Retype the listing below exactly, pictures removed.

*-*-*

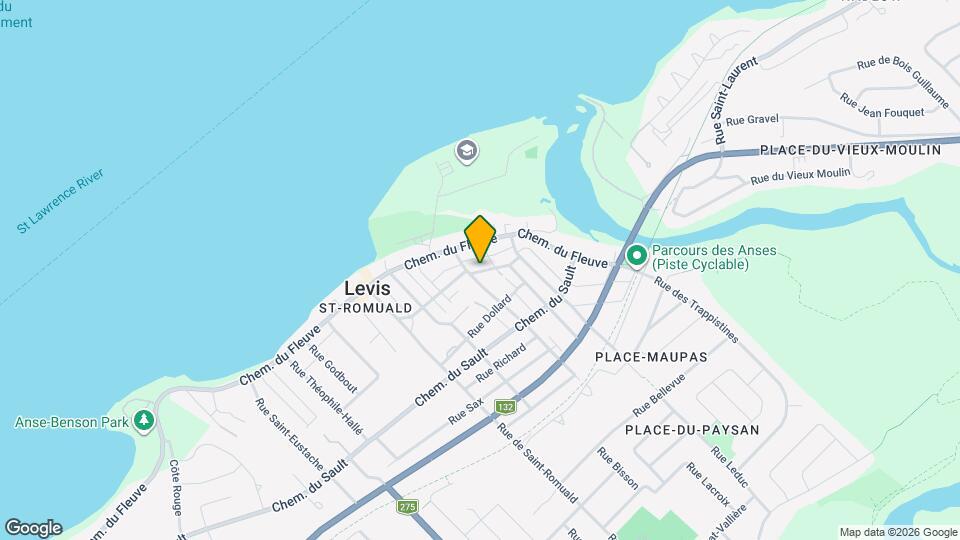 2327 Saint-Jean-Baptiste St Map and Location Details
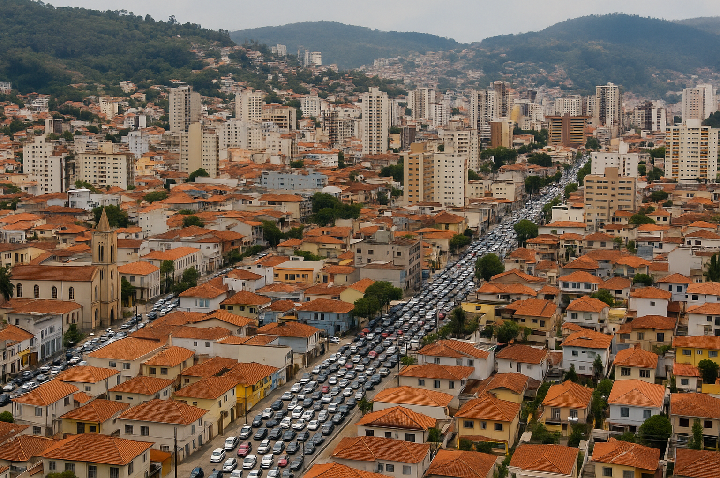 Poços de Caldas já teria 361 mil habitantes?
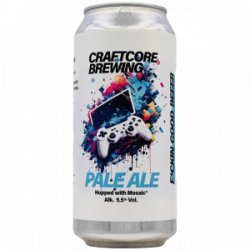 Craftcore Brewing  Pale Ale - Rebel Beer Cans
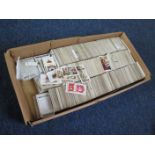 Carton no.4 with sets, part sets and odds better noted, mixed condition (qty)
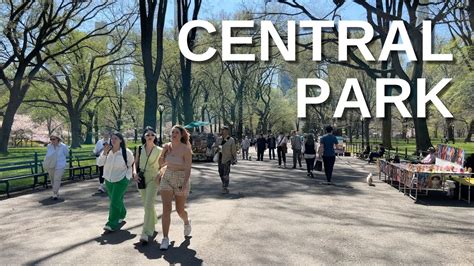 NEW YORK CITY Walking Tour [4K] - CENTRAL PARK - YouTube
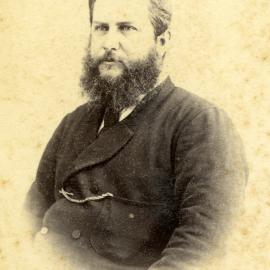 Portrait of a man, c. 1874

*-*-*

Written solution
 2327 Saint-Jean-Baptiste St Map and Location Details
 Poços de Caldas já teria 361 mil habitantes?
 Craftcore Brewing  Pale Ale - Rebel Beer Cans
 Carton no.4 with sets, part sets and odds better noted, mixed condition (qty)
 NEW YORK CITY Walking Tour [4K] - CENTRAL PARK - YouTube
 Portrait of a man, c. 1874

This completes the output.